Sandra E. Black
(), Paul J. Devereux
(), Petter Lundborg
() and Kaveh Majlesi
Sandra E. Black: Department of Economics, University of Texas, Austin
Paul J. Devereux: School of Economics and Geary Institute, University College Dublin
Petter Lundborg: Department of Economics, Lund University, Postal: Department of Economics, School of Economics and Management, Lund University, Box 7082, S-220 07 Lund, Sweden
Kaveh Majlesi: Department of Economics, Lund University, Postal: Department of Economics, School of Economics and Management, Lund University, Box 7082, S-220 07 Lund, Sweden
Abstract: Wealth is highly correlated between parents and their children; however, little is known about the extent to which these relationships are genetic or determined by environmental factors. We use administrative data on the net wealth of a large sample of Swedish adoptees merged with similar information for their biological and adoptive parents. Comparing the relationship between the wealth of adopted and biological parents and that of the adopted child, we find that, even prior to any inheritance, there is a substantial role for environment and a much smaller role for pre-birth factors.

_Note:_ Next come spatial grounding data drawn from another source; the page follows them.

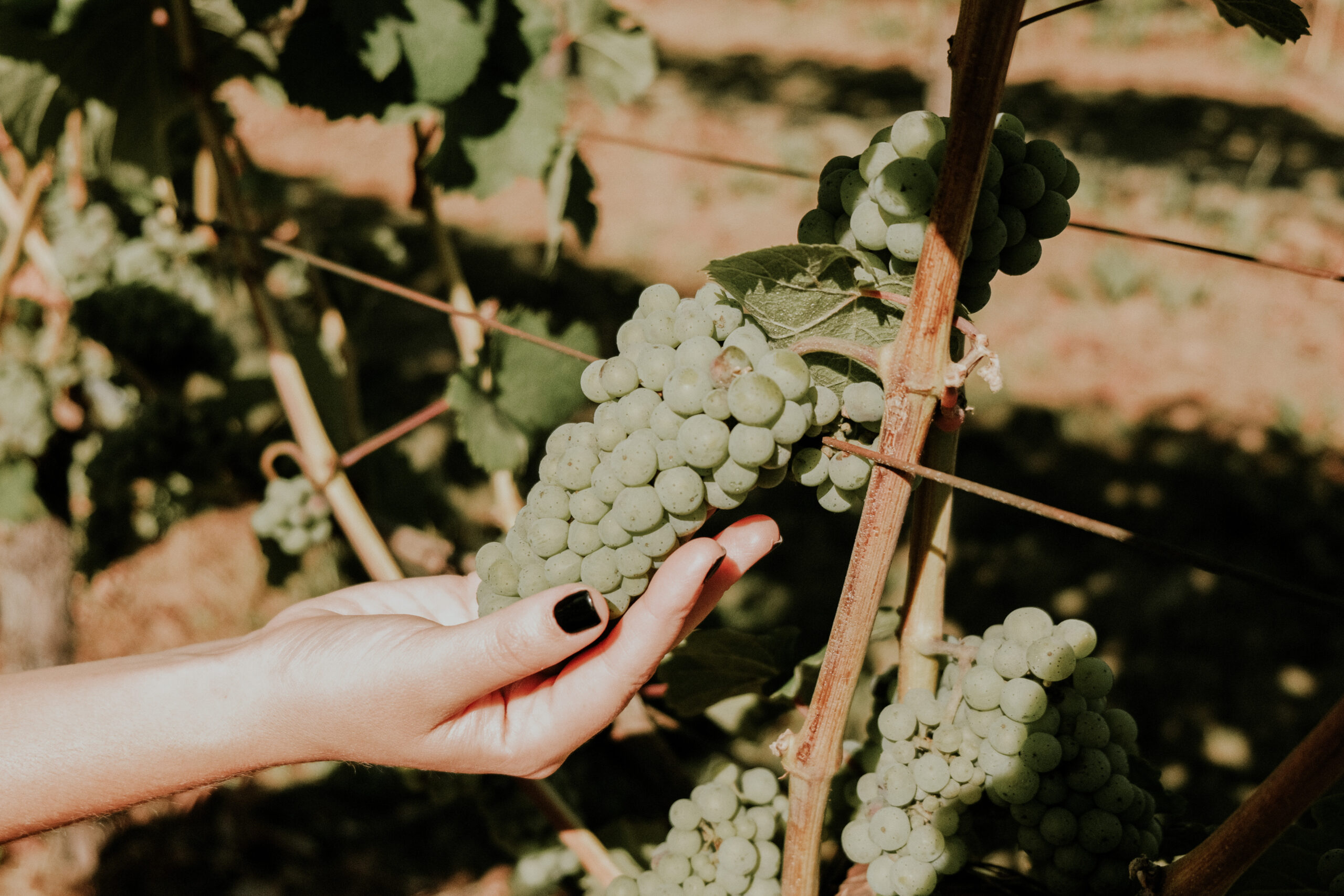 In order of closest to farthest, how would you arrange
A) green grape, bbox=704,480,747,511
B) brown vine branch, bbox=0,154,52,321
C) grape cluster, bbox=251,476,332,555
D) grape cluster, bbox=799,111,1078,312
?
grape cluster, bbox=799,111,1078,312, green grape, bbox=704,480,747,511, grape cluster, bbox=251,476,332,555, brown vine branch, bbox=0,154,52,321

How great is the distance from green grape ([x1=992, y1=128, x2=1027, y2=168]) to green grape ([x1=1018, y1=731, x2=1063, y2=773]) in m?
0.65

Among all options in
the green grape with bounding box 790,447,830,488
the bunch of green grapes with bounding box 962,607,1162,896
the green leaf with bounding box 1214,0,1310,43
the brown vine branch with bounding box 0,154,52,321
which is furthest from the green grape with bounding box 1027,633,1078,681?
the brown vine branch with bounding box 0,154,52,321

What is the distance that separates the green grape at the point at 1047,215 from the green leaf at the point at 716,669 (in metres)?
0.75

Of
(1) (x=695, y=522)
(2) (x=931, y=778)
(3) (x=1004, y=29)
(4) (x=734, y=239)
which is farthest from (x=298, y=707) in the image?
(4) (x=734, y=239)

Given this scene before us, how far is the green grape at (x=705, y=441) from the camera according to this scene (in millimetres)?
982

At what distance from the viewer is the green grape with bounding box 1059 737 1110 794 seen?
3.61ft

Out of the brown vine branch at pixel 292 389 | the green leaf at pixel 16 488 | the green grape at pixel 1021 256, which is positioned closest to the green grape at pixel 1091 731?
the green grape at pixel 1021 256

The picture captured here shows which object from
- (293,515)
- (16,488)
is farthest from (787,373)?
(16,488)

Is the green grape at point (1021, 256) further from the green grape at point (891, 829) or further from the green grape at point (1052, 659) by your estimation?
the green grape at point (891, 829)

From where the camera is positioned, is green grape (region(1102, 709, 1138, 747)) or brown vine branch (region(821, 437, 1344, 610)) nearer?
brown vine branch (region(821, 437, 1344, 610))

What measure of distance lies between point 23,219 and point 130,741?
1745 millimetres

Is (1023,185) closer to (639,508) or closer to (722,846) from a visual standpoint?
(639,508)

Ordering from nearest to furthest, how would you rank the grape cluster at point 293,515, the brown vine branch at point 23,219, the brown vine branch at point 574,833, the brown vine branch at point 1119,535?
1. the brown vine branch at point 1119,535
2. the brown vine branch at point 574,833
3. the grape cluster at point 293,515
4. the brown vine branch at point 23,219

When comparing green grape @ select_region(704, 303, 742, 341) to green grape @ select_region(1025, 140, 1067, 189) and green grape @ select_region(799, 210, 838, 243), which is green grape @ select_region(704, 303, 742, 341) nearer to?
green grape @ select_region(799, 210, 838, 243) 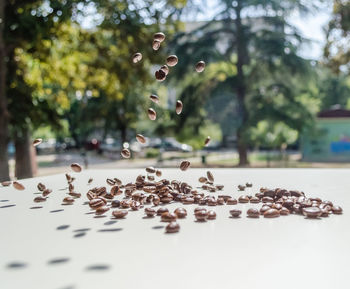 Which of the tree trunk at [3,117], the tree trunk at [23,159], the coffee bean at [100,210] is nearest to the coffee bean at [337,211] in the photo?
the coffee bean at [100,210]

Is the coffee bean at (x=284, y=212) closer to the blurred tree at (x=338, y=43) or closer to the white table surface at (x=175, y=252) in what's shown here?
the white table surface at (x=175, y=252)

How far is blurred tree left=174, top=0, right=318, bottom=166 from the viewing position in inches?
541

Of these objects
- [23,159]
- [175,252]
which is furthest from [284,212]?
[23,159]

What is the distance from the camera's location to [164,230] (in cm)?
141

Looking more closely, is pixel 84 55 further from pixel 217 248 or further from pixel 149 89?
pixel 149 89

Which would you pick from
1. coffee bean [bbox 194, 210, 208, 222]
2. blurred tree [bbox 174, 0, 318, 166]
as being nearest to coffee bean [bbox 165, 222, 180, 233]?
coffee bean [bbox 194, 210, 208, 222]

We also examine the role played by bequests and find that, when they are taken into account, the role of adoptive parental wealth becomes much stronger. We find very little evidence that education or earnings of parents or children are important drivers of the intergenerational wealth relationship between children and their adoptive parents. Our findings suggest that wealth transmission is not primarily because children from wealthier families are inherently more talented or more able but that, even in relatively egalitarian Sweden, wealth begets wealth.